## SUPPLIED ENTRIES:

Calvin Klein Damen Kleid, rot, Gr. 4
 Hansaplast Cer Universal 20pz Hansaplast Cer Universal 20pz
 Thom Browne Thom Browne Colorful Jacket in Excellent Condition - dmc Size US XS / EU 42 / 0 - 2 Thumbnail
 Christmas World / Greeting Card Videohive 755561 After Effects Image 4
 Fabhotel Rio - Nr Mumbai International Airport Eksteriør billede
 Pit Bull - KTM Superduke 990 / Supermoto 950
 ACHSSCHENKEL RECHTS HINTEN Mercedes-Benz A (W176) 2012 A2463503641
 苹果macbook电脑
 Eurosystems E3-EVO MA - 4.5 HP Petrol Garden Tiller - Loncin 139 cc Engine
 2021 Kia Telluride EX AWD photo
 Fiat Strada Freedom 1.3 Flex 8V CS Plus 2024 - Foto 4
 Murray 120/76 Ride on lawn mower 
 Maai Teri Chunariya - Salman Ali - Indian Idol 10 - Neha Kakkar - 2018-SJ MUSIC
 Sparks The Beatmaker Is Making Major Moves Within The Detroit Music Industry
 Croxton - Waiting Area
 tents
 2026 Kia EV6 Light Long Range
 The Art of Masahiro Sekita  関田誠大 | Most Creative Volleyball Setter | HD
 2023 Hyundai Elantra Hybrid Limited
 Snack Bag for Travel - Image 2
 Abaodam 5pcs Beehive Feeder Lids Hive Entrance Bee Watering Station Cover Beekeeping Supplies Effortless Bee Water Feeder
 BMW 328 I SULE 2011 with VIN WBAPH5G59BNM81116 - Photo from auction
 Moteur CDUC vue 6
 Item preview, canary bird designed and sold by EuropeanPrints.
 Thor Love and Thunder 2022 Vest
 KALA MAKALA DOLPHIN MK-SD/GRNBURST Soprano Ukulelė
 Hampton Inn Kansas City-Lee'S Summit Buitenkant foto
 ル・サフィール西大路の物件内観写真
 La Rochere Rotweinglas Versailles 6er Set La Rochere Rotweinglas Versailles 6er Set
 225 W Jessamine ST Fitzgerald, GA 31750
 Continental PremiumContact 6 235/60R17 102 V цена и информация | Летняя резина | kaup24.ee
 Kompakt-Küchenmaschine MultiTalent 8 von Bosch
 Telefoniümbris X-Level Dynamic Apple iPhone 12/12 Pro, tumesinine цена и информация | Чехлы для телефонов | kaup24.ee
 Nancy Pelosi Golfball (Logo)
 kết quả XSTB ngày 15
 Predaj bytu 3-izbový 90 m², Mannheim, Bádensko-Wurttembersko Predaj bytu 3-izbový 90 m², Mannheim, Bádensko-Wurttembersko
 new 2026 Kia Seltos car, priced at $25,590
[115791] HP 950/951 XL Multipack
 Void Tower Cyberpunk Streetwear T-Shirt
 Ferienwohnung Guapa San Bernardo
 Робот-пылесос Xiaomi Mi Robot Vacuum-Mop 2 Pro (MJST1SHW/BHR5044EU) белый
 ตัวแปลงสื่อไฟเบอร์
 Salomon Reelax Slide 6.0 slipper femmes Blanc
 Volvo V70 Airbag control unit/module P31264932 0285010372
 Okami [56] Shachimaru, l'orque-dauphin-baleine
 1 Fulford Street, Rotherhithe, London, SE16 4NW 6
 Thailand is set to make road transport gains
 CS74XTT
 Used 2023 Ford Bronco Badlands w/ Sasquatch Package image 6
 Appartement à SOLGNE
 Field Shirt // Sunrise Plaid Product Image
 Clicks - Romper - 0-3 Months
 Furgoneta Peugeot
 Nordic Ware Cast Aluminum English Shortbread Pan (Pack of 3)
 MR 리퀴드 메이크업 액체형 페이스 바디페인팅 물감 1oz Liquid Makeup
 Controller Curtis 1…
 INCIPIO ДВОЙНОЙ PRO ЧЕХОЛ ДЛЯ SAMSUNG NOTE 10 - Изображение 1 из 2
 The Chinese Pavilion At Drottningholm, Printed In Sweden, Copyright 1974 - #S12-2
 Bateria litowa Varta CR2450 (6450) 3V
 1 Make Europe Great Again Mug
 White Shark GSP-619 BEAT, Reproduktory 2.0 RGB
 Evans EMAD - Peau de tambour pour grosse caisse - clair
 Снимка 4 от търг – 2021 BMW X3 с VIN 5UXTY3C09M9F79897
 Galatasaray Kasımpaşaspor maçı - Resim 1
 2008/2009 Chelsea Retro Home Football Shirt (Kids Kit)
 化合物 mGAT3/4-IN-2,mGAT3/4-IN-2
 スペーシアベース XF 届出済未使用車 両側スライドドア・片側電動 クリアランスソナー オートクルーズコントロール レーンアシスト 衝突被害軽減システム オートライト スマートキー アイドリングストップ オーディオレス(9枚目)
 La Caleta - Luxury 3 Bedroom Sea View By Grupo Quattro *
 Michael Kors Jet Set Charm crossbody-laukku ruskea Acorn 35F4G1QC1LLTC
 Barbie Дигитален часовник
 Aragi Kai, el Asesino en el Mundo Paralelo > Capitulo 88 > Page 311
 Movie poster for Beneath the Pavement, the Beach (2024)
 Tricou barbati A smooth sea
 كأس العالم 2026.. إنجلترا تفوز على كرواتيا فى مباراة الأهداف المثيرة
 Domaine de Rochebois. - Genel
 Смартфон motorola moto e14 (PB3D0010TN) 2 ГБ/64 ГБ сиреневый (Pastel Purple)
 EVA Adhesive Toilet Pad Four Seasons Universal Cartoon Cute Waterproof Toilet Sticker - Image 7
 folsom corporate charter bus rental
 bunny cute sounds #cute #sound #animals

## TASK REQUIREMENTS:
The required result is an exact repeat of the records above from the line containing "Salomon Reelax Slide" to their final line.

## OUTPUT FOR THIS TASK:
 Salomon Reelax Slide 6.0 slipper femmes Blanc
 Volvo V70 Airbag control unit/module P31264932 0285010372
 Okami [56] Shachimaru, l'orque-dauphin-baleine
 1 Fulford Street, Rotherhithe, London, SE16 4NW 6
 Thailand is set to make road transport gains
 CS74XTT
 Used 2023 Ford Bronco Badlands w/ Sasquatch Package image 6
 Appartement à SOLGNE
 Field Shirt // Sunrise Plaid Product Image
 Clicks - Romper - 0-3 Months
 Furgoneta Peugeot
 Nordic Ware Cast Aluminum English Shortbread Pan (Pack of 3)
 MR 리퀴드 메이크업 액체형 페이스 바디페인팅 물감 1oz Liquid Makeup
 Controller Curtis 1…
 INCIPIO ДВОЙНОЙ PRO ЧЕХОЛ ДЛЯ SAMSUNG NOTE 10 - Изображение 1 из 2
 The Chinese Pavilion At Drottningholm, Printed In Sweden, Copyright 1974 - #S12-2
 Bateria litowa Varta CR2450 (6450) 3V
 1 Make Europe Great Again Mug
 White Shark GSP-619 BEAT, Reproduktory 2.0 RGB
 Evans EMAD - Peau de tambour pour grosse caisse - clair
 Снимка 4 от търг – 2021 BMW X3 с VIN 5UXTY3C09M9F79897
 Galatasaray Kasımpaşaspor maçı - Resim 1
 2008/2009 Chelsea Retro Home Football Shirt (Kids Kit)
 化合物 mGAT3/4-IN-2,mGAT3/4-IN-2
 スペーシアベース XF 届出済未使用車 両側スライドドア・片側電動 クリアランスソナー オートクルーズコントロール レーンアシスト 衝突被害軽減システム オートライト スマートキー アイドリングストップ オーディオレス(9枚目)
 La Caleta - Luxury 3 Bedroom Sea View By Grupo Quattro *
 Michael Kors Jet Set Charm crossbody-laukku ruskea Acorn 35F4G1QC1LLTC
 Barbie Дигитален часовник
 Aragi Kai, el Asesino en el Mundo Paralelo > Capitulo 88 > Page 311
 Movie poster for Beneath the Pavement, the Beach (2024)
 Tricou barbati A smooth sea
 كأس العالم 2026.. إنجلترا تفوز على كرواتيا فى مباراة الأهداف المثيرة
 Domaine de Rochebois. - Genel
 Смартфон motorola moto e14 (PB3D0010TN) 2 ГБ/64 ГБ сиреневый (Pastel Purple)
 EVA Adhesive Toilet Pad Four Seasons Universal Cartoon Cute Waterproof Toilet Sticker - Image 7
 folsom corporate charter bus rental
 bunny cute sounds #cute #sound #animals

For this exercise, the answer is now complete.